Scraped caption text data
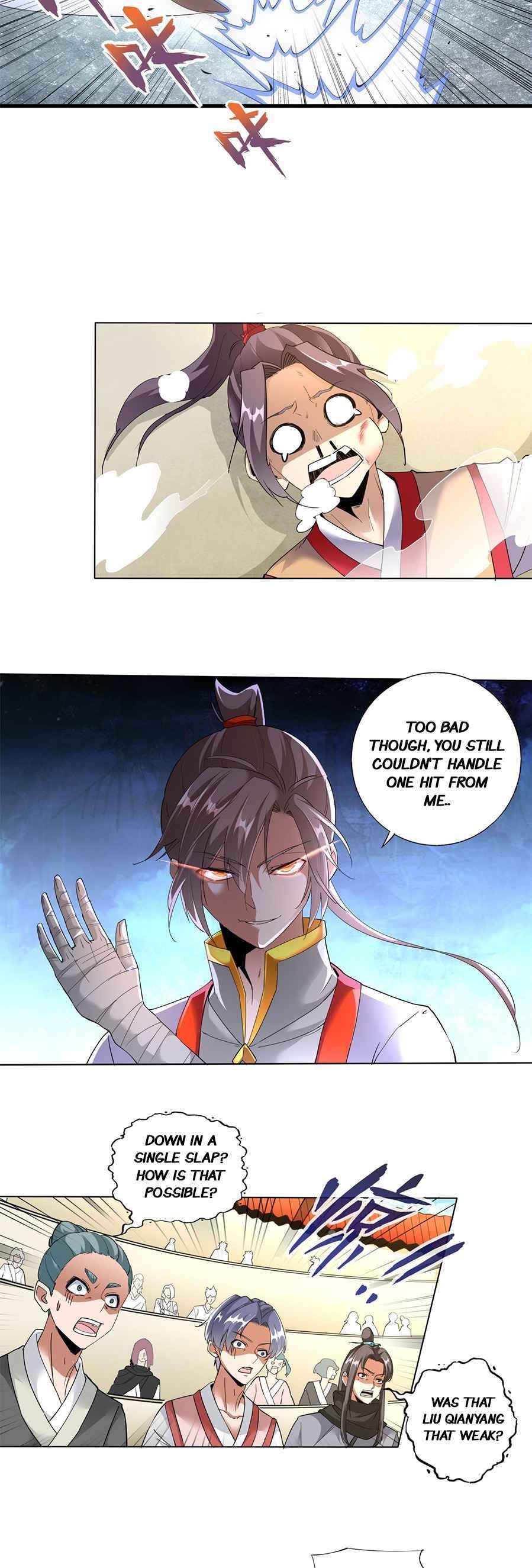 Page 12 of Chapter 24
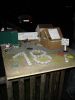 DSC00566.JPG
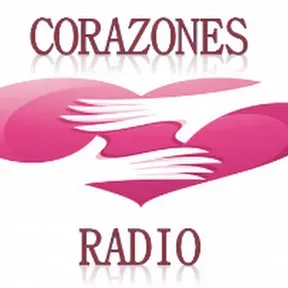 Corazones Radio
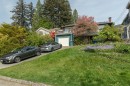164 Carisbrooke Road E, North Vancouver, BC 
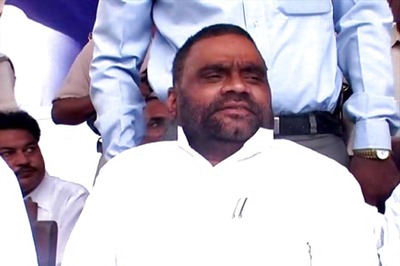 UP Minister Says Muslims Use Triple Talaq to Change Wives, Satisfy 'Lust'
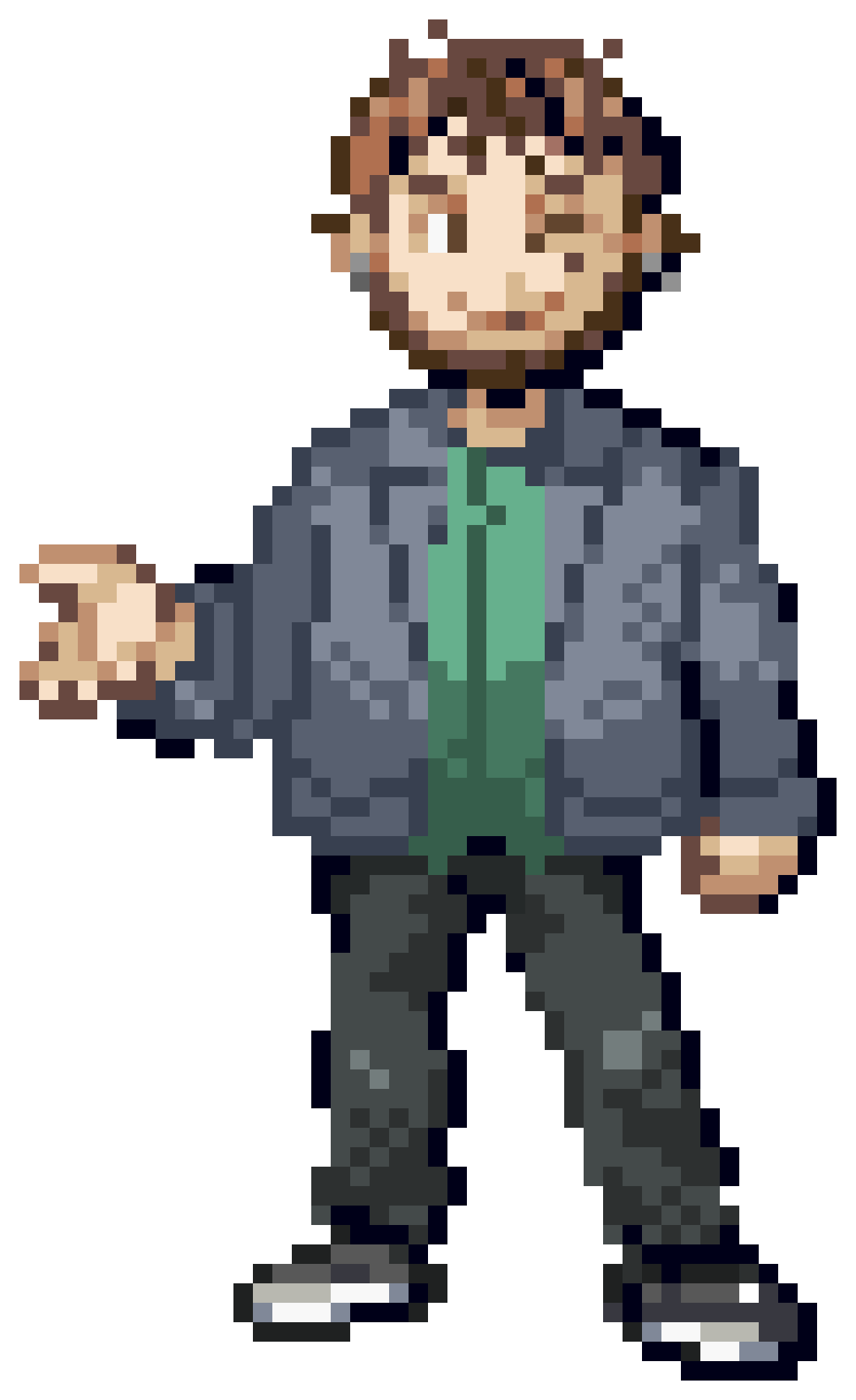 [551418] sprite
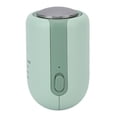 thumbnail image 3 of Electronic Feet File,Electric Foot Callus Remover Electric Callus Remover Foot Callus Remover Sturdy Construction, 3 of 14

**EXERCISE BRIEF**:
Your answer should hold only the lines from the line with "[551418] sprite" through the closing line of the records, restated exactly and free of pictures.

**RESPONSE AREA**:
 [551418] sprite
 thumbnail image 3 of Electronic Feet File,Electric Foot Callus Remover Electric Callus Remover Foot Callus Remover Sturdy Construction, 3 of 14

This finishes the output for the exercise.